Examples of adhesives capable of forming an adhesive layer include those containing, as a binder, resins such as natural rubber, synthetic rubber, acrylic resins, silicone resins, urethane resins, vinyl ether resins, etc. The form of such adhesives may be any of solvent-based, emulsion-type, water-based, hot melt-type, and solventless types such as active energy ray-curable types such as ultraviolet rays and electron beams.

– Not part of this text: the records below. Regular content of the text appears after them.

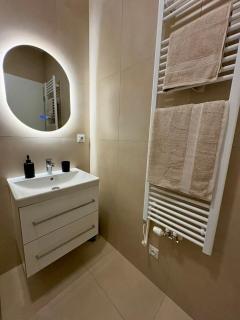 Cassovar Olive Apartment - 5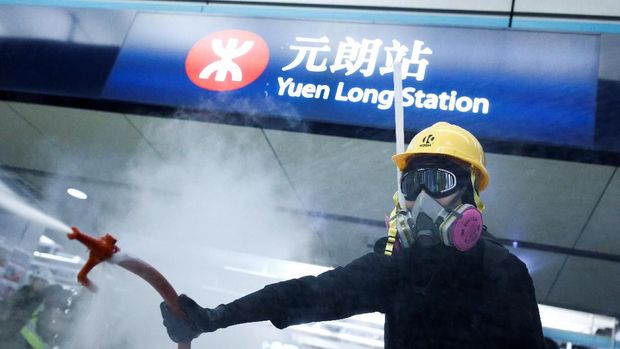 Polisi Tangani Pendemo Hong Kong Dengan Meriam Air
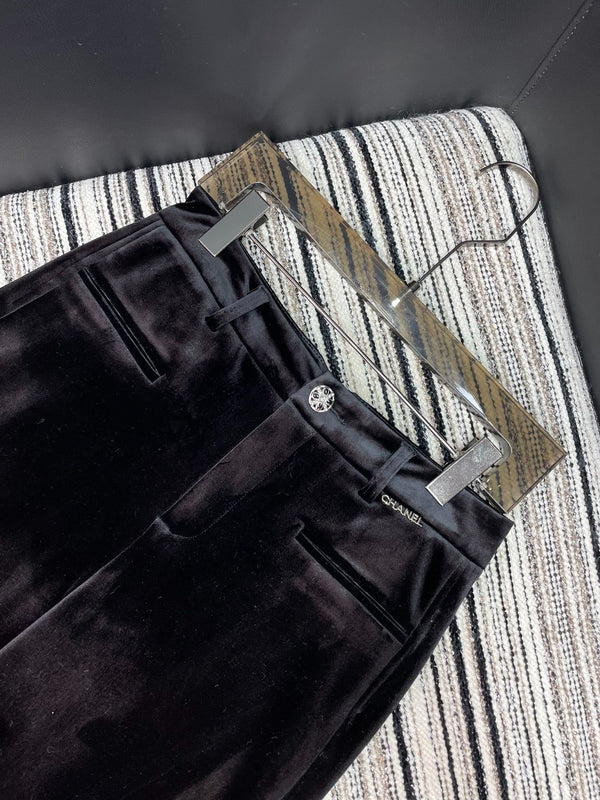 CHANEL 25S PANTALON DROIT EN VELOURS 445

When the foam sheet has an adhesive layer on the outermost layer on both sides, the adhesive layers may have the same adhesive strength or different adhesive strengths. Specifically, one of the adhesive layers may be a so-called strong adhesive layer, and the other may be a weak adhesive layer. In addition, the adhesive layers may have the same composition or different compositions. The adhesive strength of the adhesive layer may be designed in consideration of the disassembly of the secondary battery.
It is preferable that the adhesive capable of forming the adhesive layer contains a solvent from the viewpoint of maintaining good coating workability, etc. Examples of the solvent that can be used include toluene, xylene, ethyl acetate, butyl acetate, acetone, methyl ethyl ketone, hexane, etc. In addition, when preparing a water-based adhesive composition, water or an aqueous solvent mainly composed of water can be used.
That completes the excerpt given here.